The same doctrine as to conflict of instructions has been repeatedly announced by this court, see Southern Railroad Co. v. Kendrick, 40 Miss. 374; Chapin v. Copeland, 55 Miss. 476; Henderson v. Henderson, 41 Miss. 584; I. C. Railroad v. McGowan, 92 Miss. 603.

We respectfully submit therefore that this case ought to be reversed: First, on the facts; second, because erroneous instructions were given to the plaintiff; third, because the instructions were conflicting; and fourth, because the court overruled defendant's motion for a new trial.

Gardner & Whittington, for appellee.

The counsel in their brief undertake to say that appellee in his reply to the defendant's notice to the general issue, "undertook to confess and avoid the effect of the affirmative matter set up in defendant's notice." We are a little surprised at this statement of counsel, who are, ordinarily very fair. By no possible construction can the reply notice which was filed to the notice of the general issue be distorted into a "confession and avoidance," of defendant's notice to the general issue.
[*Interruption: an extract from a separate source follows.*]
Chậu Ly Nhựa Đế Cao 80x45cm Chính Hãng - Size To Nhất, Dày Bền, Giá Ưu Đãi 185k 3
Appellee confessed nothing. The defense set up by defendant was an affirmative one, and necessarily carried with it the burden of proof in establishing it before the jury. This, we take it, is an elementary proposition, and to quote an authority to substantiate it, would be to insult the intelligence of this court. Appellee confessed nothing, but replied that the alleged "additional policy," was issued without his knowledge and consent, and that he never had any knowledge of its existence, and, we submit, was properly determined by the jury in a verdict in favor of appellee. On this point see specially Miller v. Phenix Insurance Co., 100 Miss. 311.

A casual examination of appellant's brief, we think, will satisfy this court that it is a labored effort on the part of appellant to make some sort of pretense for taking this appeal.
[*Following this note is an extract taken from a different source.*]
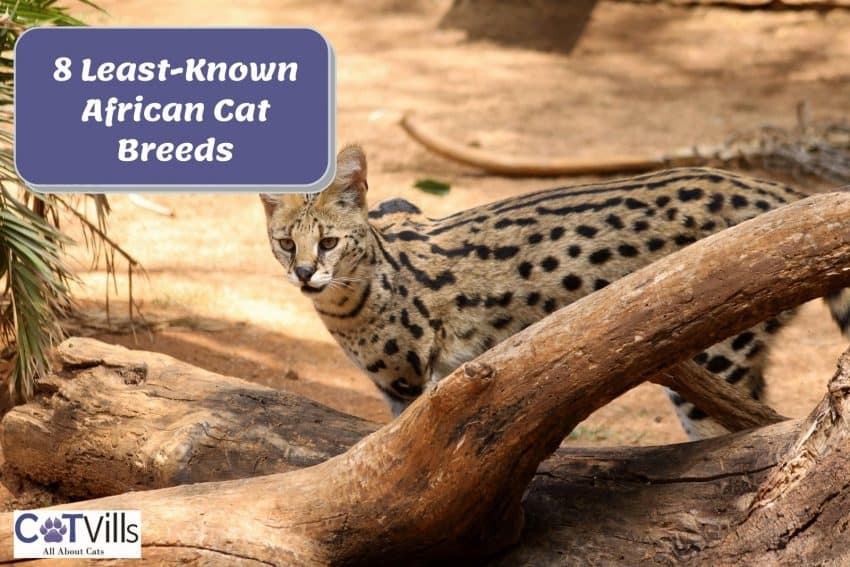 A serval cat standing behind a wood. It is one of the most beautiful african cat breeds.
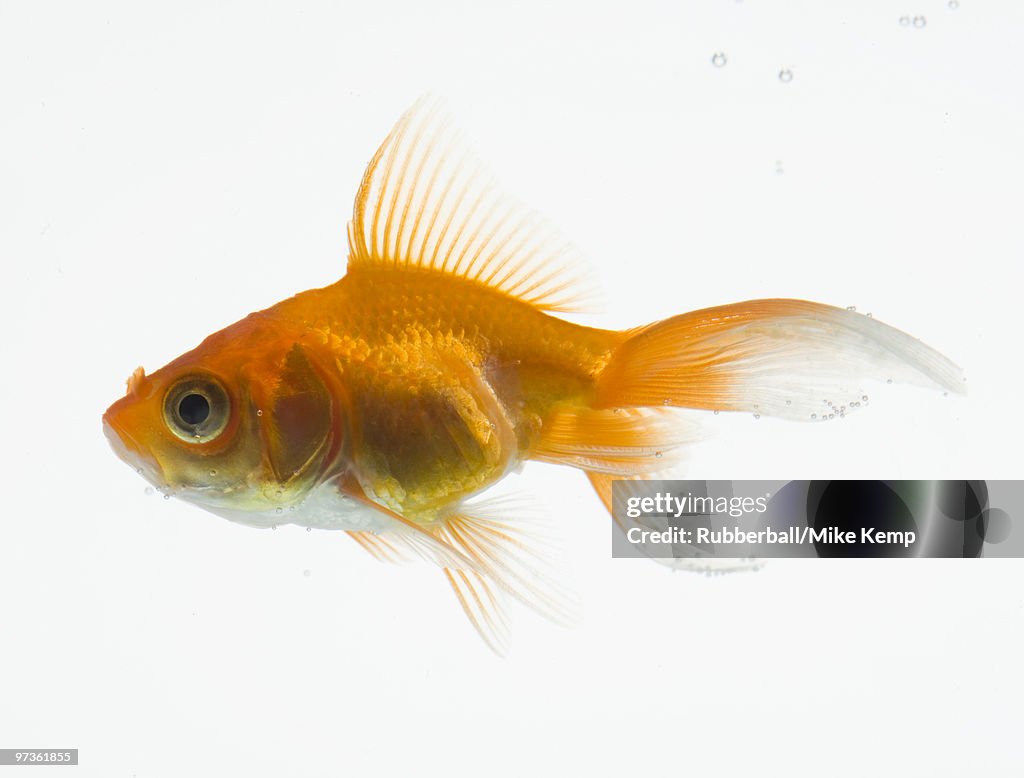 Goldfish on white background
We can hardly believe that counsel for appellant are serious in some of their criticisms of the instructions given for appellee in this case. To illustrate: They say that the fourth instruction given for appellee was erroneous, as it instructed the jury that the burden of proof was on the defendant to show that the "additional policy" was issued with the knowledge and consent of the plaintiff, and that appellee accepted it afterwards or had knowledge of it afterwards. If this is not the law, we are at a loss to understand the decision of this court in the case of L. L. & G. Insurance Company v. Farnsworth Lumber Company, 72 Miss. 555. The court there holds that "The burden is on the insurer to establish a breach of warranty in a policy of insurance. There is no distinction in this respect between Life and Fire Insurance." 57 Miss. 308. Then any "affirmative defense" necessarily carries with it the burden of proof to establish that defense.
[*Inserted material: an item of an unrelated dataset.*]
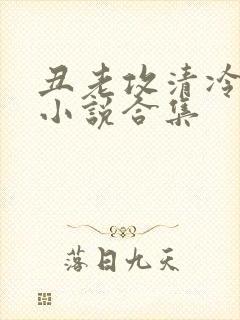 丑老攻清冷美人小说合集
We call the court's attention, however, to the fourth instruction given for appellant, the defendant, which is not the law--never was the law, and never will be the law--and nobody knows it better than appellant, to wit:

"The jury is further instructed that unless you believe that a preponderance of the evidence does show that plaintiff never authorized the issuance of the said policy in the Philadelphia Underwriters Company--never had notice of its existence, and never deposited it for safe keeping with a third party, you will find for the plaintiff."